Les événements de la semaine dernière soulignent la nécessité de créer des comités de la base dans chaque entreprise, afin de permettre aux travailleurs de prendre en main leur propre lutte, de briser l’emprise de la bureaucratie syndicale et de lancer une campagne sociale et politique pour unifier les luttes des travailleurs dans une offensive commune. Les appels à une grève générale pour renverser Mazón trouvent un grand écho désormais, alors que les syndicats et le gouvernement PSOE-Sumar refusent d’exiger sa démission.
La pseudo-gauche qui gravite autour de Podemos et de Sumar, exige cependant que les travailleurs se soumettent à ces mêmes bureaucraties. Le Courant révolutionnaire ouvrier (CRT) affirme qu'«il est essentiel de continuer à organiser la solidarité de classe et d'exiger que les bureaucraties syndicales rompent avec leur passivité criminelle et appellent à la grève».
L'Organisation communiste révolutionnaire (OCR, Organización Comunista Révolucionaria) a déclaré que les syndicats «doivent être contraints» d’appeler à la grève générale. La Gauche révolutionnaire (Izquierda Revolucionaria) a appelé les syndicats à «répondre avec toute la force et à exiger la suspension de toutes les activités de travail non essentielles».
En réalité, la solution consiste à mobiliser la base indépendamment des bureaucraties syndicales. La perspective d’«exiger» que ces bureaucraties agissent a été tentée à maintes reprises, et a échoué. En Espagne comme ailleurs, les bureaucraties servent de gendarme du travail. Leur rôle est d’empêcher les grèves, d’imposer des trahisons et de bloquer un mouvement indépendant de la classe ouvrière ; tout en permettant à la classe dirigeante de continuer à détourner des milliards d’euros des dépenses sociales, de la préparation aux catastrophes et des infrastructures résilientes au changement climatique, vers le renflouement des banques et la construction d’une économie de guerre.
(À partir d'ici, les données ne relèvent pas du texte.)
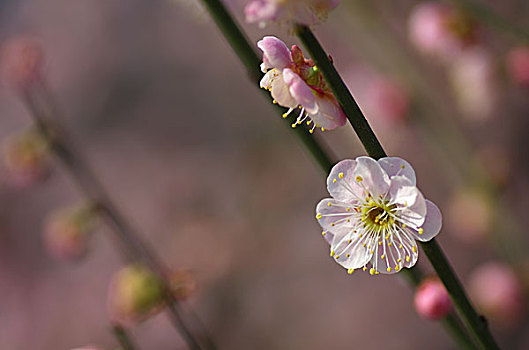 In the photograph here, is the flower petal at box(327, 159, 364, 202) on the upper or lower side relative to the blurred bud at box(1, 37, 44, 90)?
lower

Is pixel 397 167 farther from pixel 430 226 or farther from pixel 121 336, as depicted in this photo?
pixel 121 336

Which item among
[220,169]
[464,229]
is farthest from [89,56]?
[464,229]

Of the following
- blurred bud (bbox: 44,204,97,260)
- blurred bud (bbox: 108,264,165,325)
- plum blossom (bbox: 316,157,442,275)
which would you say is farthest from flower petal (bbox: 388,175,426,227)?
blurred bud (bbox: 44,204,97,260)

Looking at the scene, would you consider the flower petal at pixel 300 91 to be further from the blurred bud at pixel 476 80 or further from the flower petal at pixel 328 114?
the blurred bud at pixel 476 80

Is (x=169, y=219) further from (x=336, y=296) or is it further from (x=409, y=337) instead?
(x=409, y=337)

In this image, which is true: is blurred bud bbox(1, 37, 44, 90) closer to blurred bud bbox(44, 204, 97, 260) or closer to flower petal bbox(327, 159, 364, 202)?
blurred bud bbox(44, 204, 97, 260) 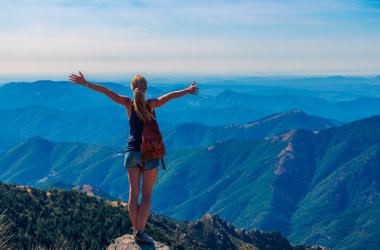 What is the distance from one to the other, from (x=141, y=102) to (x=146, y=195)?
465 cm

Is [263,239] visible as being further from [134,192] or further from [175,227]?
[134,192]

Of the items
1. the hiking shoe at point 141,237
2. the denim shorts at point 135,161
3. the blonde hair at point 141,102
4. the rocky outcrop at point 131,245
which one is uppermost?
the blonde hair at point 141,102

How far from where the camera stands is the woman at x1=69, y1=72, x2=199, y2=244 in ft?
77.3

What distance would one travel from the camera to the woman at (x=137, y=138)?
2355 centimetres

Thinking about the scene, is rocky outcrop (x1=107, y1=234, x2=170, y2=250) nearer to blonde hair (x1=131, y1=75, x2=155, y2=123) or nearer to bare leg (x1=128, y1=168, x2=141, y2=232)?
bare leg (x1=128, y1=168, x2=141, y2=232)

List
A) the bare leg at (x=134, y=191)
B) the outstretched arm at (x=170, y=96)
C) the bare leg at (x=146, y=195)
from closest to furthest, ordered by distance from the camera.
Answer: the outstretched arm at (x=170, y=96) → the bare leg at (x=134, y=191) → the bare leg at (x=146, y=195)

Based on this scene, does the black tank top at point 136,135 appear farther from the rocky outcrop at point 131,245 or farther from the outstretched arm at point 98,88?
the rocky outcrop at point 131,245

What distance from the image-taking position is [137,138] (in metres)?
23.9

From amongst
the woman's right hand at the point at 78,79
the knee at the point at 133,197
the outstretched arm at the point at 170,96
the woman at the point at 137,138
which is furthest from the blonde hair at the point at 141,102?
the knee at the point at 133,197

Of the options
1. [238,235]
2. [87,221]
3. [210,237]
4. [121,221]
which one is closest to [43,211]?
[87,221]

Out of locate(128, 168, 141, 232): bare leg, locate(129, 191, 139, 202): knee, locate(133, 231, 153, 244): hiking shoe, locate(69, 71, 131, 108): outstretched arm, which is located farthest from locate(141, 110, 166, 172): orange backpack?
locate(133, 231, 153, 244): hiking shoe

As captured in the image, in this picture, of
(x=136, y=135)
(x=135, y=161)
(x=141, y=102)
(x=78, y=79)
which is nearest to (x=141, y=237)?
(x=135, y=161)

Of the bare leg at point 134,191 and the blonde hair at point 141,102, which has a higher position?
the blonde hair at point 141,102

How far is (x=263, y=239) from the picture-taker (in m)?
190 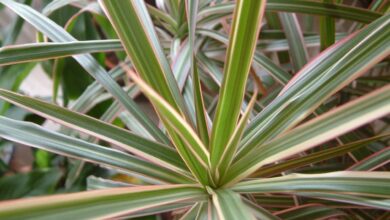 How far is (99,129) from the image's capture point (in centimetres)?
46

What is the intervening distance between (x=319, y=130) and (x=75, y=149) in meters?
0.28

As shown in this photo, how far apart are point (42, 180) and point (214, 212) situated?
2.38 ft

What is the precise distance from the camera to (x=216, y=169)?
0.41m

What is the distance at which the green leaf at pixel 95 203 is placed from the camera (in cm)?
27

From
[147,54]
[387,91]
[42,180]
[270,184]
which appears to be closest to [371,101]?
[387,91]

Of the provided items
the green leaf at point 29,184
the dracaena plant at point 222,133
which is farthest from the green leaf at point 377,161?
the green leaf at point 29,184

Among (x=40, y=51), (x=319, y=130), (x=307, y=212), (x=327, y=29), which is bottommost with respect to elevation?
(x=307, y=212)

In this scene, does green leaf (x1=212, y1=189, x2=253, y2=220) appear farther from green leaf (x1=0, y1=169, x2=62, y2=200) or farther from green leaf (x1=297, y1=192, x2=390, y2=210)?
green leaf (x1=0, y1=169, x2=62, y2=200)

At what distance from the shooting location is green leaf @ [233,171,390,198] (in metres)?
0.38

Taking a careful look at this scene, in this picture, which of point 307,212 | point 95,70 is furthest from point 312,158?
point 95,70

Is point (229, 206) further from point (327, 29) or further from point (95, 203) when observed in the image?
point (327, 29)

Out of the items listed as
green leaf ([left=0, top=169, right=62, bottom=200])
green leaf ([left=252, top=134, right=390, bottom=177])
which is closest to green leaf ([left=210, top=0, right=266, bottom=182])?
green leaf ([left=252, top=134, right=390, bottom=177])

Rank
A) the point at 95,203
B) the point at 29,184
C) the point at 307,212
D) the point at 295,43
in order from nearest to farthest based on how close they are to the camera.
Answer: the point at 95,203 < the point at 307,212 < the point at 295,43 < the point at 29,184

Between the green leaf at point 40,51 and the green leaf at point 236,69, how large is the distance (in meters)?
0.30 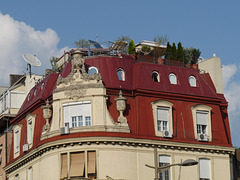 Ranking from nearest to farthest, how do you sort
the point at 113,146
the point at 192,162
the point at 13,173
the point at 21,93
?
the point at 192,162 → the point at 113,146 → the point at 13,173 → the point at 21,93

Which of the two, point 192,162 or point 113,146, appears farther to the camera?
point 113,146

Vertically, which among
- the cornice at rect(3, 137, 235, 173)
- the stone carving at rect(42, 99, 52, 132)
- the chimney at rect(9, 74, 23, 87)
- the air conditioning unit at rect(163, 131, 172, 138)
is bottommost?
the cornice at rect(3, 137, 235, 173)

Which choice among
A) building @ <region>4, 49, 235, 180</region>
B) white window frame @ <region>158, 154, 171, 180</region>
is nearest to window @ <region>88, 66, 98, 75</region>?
building @ <region>4, 49, 235, 180</region>

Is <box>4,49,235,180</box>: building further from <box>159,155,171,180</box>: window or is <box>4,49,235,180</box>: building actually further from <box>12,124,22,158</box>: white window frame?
<box>12,124,22,158</box>: white window frame

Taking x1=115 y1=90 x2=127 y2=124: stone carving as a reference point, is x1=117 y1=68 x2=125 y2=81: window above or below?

Il faut que soit construit un mouvement socialiste dans la classe ouvrière, en Espagne comme dans le monde, pour retirer ces ressources des mains de l’oligarchie financière capitaliste, en faisant des trusts et des banques une propriété publique et en allouant les ressources en fonction des besoins de la société et non en fonction du profit privé.